If the third packages are installed under the project directory, their
tags would be generated together. However, rvm
maintains packages in
extra directories. It is necessary to generate separately. It is
recomended to use gem-ctags and vim-bundler to generate those tags
automatically.
ctags
can only be used to jump to definitions in Vim. I use
gtags-cscope
and pygments
and to get function callers.
gtags
uses a single file gtags.files
to store files which need to be
indexed. I use fd
to generate the file and then generate tags.
fd -e rb -E 'spec' -E 'db' > gtags.files
export GTAGSLABEL=native-pygments
gtags -i
By default, gtags
uses /usr/local/share/gtags/gtags.conf
. However,
the config file is located in /usr/share/gtags/gtags.conf
in Arch
Linux.
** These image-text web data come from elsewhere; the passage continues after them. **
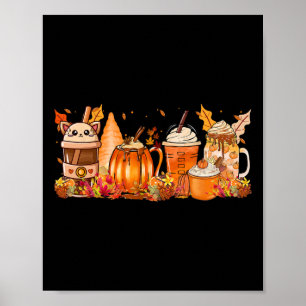 Spice Fall Coffee Hett Tea Autumn Harvest Women Dr Poster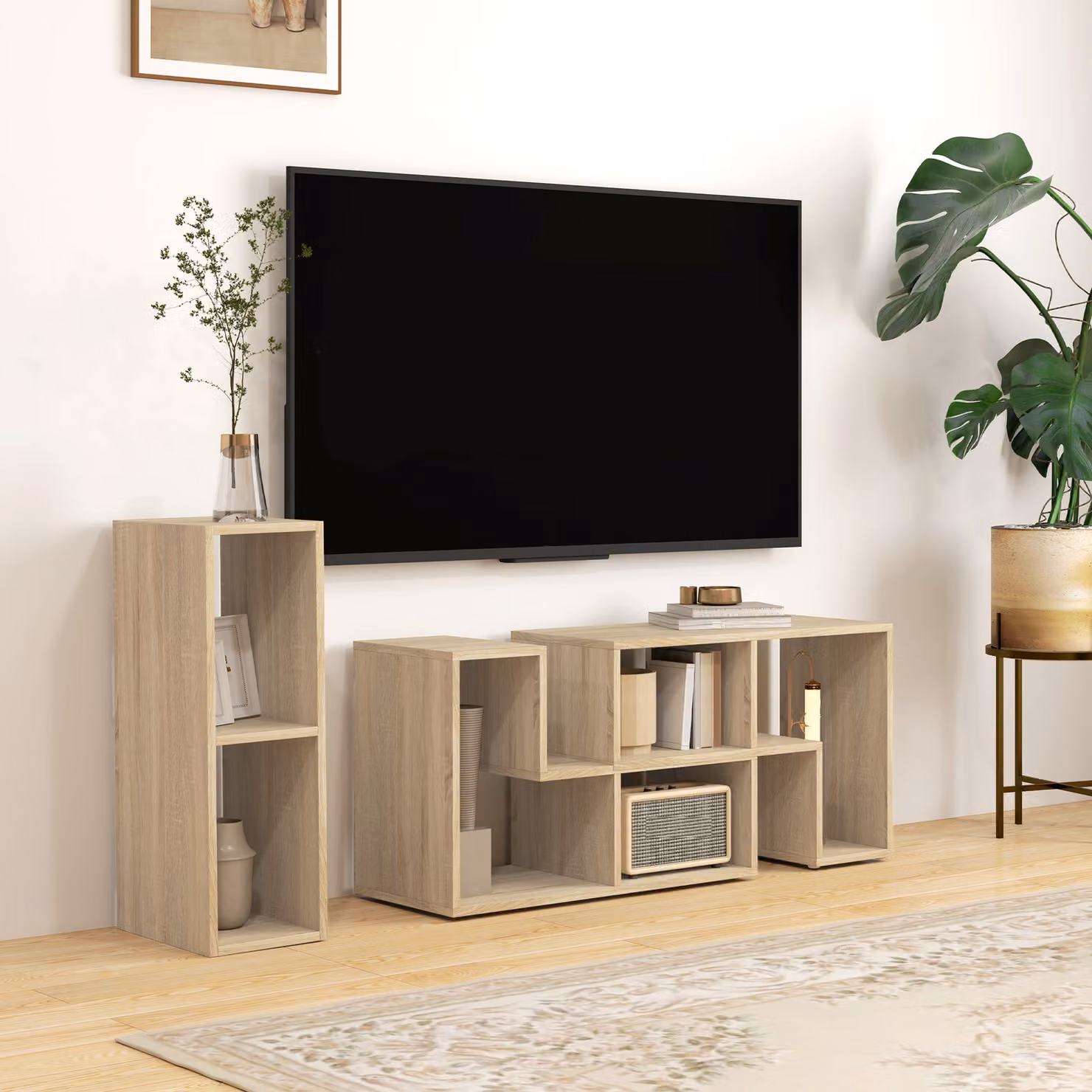 HOMCOM Extendable Grey Oak TV Stand for TVs up to 75 Inches with Storage Shelves – 2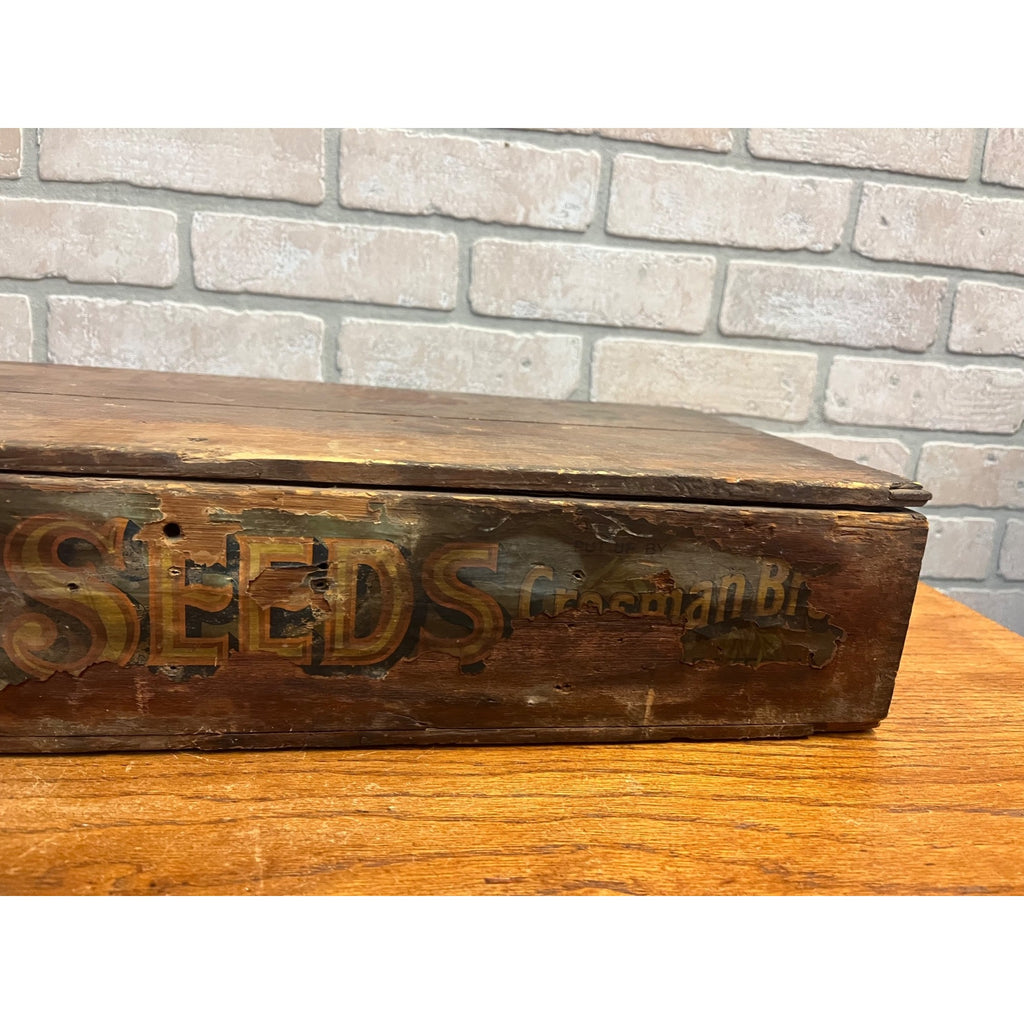 Original Antique Crosman Bros Garden Seeds Display Box Rochester, NY Flowers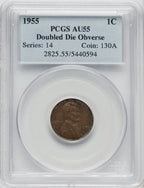 1955 Doubled Die Obverse BN Lincoln Cent PCGS AU55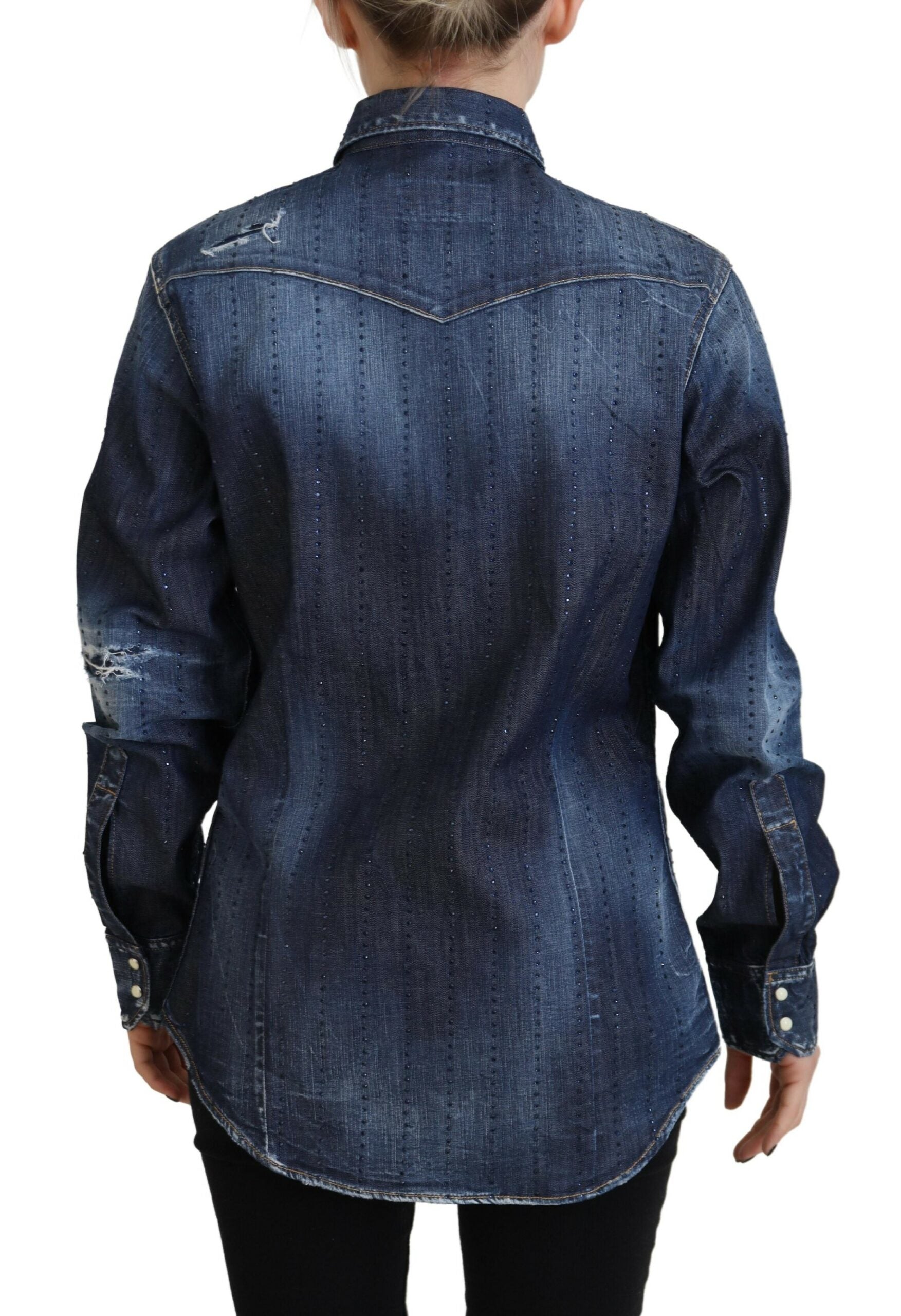 Haut en jean bleu délavé en coton à col boutonné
Thus gtags
cannot find configurations and then cannot use
native-pygments
. Besides, the default conig uses etags
instead of
ctags
.
To make gtags
use native-pygments
in Arch Linux, I copy the config
file to the home directory and modify it manually. It doesn’t cost
lots of effort to do that. It can also be placed in the project
directory with the filename gtags.conf
if users don’t want to make
home directory messy.
Homebrew maintains a modified gtags.conf
so the following operation is
not required in macOS.
sed 's/etags/ctags/g' /usr/share/gtags/gtags.conf > "$HOME/.globalrc"
ctags
and gtags
would generate some files in the working directory.
It would be better to ignore them when using git. Add the following
lines in the global ignore file.
# ~/.config/git/ignore
tags
GTAGS
GRTAGS
GPATH
gtags.conf
gtags.files
The post doesn’t include any content of how to use tags in vim. It can
be found by :h tag-comands
and :h cscope-suggestion
easily. The only
difference is that I use gtags-cscope
and GTAGS
instead of cscope
and cscope.out
. An extra configuration is required:
if executable('gtags-cscope')
let &csprg = 'gtags-cscope'
endif
Now, I have a swift and functional navigation.